You need a Snoopfile that calls all your functions and cache the compiled code to package afterwards

# snoop.jl
using Hello
Hello.julia_main(String[])

And then

PackageCompiler.build_executable(...., snoopfile="path/to/snoop.jl")

But anyway, i could never get the same performance from an executable as if i was executing from a REPL session, REPL session cached compiled code is always much faster, PackageCompiler is useful but not production ready.

You can use the SnoopCompile package to generate additional snoop files.

I have two toy CLI tools in Julia
InstagramScraper and FileCLI that i wrote just for fun and experimentation, check ./compile.jl.
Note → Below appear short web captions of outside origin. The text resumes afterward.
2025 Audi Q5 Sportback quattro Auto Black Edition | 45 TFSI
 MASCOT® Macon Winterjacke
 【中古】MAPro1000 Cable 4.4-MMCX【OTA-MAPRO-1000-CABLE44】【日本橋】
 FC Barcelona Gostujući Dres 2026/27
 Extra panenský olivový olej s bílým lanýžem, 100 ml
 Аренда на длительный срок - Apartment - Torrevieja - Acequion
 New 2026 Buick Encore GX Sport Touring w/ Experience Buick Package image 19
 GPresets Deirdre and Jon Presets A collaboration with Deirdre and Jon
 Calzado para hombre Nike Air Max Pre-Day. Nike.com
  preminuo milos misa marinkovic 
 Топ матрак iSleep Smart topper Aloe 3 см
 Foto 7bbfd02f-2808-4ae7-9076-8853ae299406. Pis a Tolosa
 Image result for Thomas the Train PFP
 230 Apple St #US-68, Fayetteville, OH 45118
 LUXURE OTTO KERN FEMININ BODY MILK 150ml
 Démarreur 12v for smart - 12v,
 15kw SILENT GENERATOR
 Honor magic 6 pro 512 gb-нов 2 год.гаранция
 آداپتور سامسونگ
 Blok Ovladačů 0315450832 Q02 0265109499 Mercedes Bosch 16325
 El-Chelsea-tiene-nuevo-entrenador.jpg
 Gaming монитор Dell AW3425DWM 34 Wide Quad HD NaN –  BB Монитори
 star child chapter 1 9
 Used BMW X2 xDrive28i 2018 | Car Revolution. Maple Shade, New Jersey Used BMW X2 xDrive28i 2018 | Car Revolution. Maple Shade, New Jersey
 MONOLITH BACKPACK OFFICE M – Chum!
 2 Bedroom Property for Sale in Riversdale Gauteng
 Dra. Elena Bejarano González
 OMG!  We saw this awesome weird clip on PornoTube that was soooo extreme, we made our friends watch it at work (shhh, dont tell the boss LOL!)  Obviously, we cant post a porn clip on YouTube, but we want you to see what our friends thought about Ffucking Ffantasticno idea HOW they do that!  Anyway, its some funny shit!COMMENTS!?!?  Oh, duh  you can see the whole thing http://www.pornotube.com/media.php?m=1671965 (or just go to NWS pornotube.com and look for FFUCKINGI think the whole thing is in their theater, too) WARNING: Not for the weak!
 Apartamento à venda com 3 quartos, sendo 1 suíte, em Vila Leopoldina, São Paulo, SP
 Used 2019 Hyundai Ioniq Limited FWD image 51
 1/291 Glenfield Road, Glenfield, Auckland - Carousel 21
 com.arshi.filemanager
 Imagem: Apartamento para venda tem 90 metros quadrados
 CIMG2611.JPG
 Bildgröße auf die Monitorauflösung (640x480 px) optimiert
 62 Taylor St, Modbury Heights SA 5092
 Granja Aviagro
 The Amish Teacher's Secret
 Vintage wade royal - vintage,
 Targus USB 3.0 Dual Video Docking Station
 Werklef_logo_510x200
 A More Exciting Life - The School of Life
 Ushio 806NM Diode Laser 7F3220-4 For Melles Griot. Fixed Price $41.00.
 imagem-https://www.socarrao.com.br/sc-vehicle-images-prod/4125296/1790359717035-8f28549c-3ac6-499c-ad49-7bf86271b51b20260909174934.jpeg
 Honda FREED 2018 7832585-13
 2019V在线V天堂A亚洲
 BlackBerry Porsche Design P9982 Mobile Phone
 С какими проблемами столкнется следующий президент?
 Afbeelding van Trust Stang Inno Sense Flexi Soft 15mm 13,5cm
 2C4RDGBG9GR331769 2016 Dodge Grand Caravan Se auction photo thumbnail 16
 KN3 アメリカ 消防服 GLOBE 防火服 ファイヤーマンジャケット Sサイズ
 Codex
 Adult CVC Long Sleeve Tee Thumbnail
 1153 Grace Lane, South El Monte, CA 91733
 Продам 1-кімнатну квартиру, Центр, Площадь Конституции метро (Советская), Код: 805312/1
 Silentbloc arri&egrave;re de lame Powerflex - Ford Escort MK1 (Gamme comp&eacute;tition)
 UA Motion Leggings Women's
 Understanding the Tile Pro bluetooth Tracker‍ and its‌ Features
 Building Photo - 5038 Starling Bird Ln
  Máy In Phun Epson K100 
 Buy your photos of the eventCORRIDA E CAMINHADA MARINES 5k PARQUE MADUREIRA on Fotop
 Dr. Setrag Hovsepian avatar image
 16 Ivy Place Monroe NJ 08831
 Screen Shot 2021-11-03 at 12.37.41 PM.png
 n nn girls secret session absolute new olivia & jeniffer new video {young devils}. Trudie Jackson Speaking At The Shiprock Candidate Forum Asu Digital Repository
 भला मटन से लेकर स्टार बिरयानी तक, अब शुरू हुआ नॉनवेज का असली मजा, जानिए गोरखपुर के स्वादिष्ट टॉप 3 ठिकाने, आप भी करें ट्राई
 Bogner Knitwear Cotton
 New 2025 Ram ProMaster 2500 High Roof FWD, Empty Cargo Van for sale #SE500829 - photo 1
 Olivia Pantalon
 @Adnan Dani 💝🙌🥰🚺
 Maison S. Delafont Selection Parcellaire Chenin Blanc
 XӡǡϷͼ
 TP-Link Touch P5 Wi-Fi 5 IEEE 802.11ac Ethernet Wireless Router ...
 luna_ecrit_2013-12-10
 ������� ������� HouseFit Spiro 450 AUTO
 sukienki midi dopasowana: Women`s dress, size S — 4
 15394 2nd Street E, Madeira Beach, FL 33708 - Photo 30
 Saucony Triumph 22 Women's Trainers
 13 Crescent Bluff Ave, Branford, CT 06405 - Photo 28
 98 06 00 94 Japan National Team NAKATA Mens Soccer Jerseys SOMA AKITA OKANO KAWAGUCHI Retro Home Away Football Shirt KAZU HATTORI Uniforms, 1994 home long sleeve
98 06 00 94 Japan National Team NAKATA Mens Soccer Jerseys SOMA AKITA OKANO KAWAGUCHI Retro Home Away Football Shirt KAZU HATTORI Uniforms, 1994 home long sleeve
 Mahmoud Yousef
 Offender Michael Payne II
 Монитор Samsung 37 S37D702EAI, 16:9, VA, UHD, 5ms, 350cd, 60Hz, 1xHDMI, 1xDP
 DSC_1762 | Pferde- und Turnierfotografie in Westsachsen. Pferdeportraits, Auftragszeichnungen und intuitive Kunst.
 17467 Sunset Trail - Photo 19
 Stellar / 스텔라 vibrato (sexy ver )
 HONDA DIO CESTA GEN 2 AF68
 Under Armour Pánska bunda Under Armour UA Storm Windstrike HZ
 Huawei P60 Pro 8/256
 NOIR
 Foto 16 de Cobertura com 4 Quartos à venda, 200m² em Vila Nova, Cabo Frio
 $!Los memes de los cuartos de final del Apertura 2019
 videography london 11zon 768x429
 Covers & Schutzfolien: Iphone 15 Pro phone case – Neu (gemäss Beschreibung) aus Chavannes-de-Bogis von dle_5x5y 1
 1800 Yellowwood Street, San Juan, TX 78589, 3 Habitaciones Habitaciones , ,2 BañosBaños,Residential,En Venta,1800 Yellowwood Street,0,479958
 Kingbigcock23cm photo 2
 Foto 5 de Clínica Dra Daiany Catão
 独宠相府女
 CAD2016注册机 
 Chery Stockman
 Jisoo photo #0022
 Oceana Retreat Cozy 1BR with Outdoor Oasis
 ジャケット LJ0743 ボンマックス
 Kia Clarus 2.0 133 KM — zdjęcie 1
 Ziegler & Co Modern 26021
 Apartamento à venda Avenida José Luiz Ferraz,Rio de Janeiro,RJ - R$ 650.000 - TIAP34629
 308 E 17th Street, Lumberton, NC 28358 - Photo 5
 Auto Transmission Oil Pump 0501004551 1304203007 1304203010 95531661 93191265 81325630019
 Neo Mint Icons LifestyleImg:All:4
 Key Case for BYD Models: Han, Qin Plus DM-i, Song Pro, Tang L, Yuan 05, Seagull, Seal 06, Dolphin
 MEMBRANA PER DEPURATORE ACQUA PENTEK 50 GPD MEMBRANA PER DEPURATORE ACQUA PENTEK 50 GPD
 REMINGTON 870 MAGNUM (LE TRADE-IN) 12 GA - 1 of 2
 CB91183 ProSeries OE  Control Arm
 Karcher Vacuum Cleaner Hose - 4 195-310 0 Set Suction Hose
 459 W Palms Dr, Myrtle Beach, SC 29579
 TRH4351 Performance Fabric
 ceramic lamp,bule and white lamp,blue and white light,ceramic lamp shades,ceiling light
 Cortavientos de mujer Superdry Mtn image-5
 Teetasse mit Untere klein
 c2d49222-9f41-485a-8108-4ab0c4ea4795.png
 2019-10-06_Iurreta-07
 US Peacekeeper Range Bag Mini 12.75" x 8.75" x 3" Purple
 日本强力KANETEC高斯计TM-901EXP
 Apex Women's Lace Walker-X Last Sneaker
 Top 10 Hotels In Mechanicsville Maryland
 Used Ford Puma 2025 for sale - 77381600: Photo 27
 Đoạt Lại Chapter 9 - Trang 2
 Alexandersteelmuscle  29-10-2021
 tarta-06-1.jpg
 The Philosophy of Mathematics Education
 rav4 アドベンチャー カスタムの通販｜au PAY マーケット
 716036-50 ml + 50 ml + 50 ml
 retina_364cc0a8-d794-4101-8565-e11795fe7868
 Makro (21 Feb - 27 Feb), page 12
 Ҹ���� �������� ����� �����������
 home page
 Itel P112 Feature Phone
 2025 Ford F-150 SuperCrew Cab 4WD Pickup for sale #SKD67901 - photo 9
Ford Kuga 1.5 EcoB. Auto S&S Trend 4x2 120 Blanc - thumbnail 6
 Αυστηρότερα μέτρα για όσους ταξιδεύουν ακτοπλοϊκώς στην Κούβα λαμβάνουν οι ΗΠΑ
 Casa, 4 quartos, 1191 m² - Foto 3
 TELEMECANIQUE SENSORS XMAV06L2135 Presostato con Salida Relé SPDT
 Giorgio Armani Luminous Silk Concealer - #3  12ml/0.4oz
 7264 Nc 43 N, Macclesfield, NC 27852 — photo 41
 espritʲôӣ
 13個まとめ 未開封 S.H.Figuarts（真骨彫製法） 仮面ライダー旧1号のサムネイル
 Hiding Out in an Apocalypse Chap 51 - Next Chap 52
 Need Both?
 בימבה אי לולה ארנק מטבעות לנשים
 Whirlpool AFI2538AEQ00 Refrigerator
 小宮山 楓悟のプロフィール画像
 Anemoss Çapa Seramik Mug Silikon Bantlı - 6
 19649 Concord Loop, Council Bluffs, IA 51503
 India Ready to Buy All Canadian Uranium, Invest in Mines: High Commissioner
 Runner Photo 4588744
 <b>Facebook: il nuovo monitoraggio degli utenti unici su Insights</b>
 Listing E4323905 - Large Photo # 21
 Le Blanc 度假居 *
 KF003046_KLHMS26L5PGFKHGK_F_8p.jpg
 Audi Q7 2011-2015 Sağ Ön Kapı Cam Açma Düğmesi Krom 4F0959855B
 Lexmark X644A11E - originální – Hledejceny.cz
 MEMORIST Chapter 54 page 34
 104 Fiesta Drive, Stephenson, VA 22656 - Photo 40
Btw, i use my fork of ApplicationBuilder to generate the Binaries.

Anyway, i had to write all my toy/not toy CLI tools in C# and some in C++ because Julia still has big problems in terms of small binary generation.
My final compiled build for InstagramScraper was 400mb while my C# .net core .exe bundle was just 10mb, both standalone.

Julia is not very versatile yet.

1 Like

I tried it, and I got the same results as before: the first call to any of the functions still takes time in compiling whatever hasn’t been compiled yet. Could it be that the snooping does not actually catch every called function?

I’m not sure what could be the issue with the precompile step with the snoopfile, but i’ve always noticed that the function precompile(method, (Types...)) doesn’t do what i thought it did, also, the cache gathered from the Snoop file is never the same as the one used by a REPL session, it is just slower.

I feel it is a very terrible idea to make CLI tools in Julia at the moment.

Yes, I am starting to realize that aswell. It’s kind of sad to not have a proper static compilation pipeline in Julia that would allow it to be used as a more generic programming language, giving its amazing features and syntax!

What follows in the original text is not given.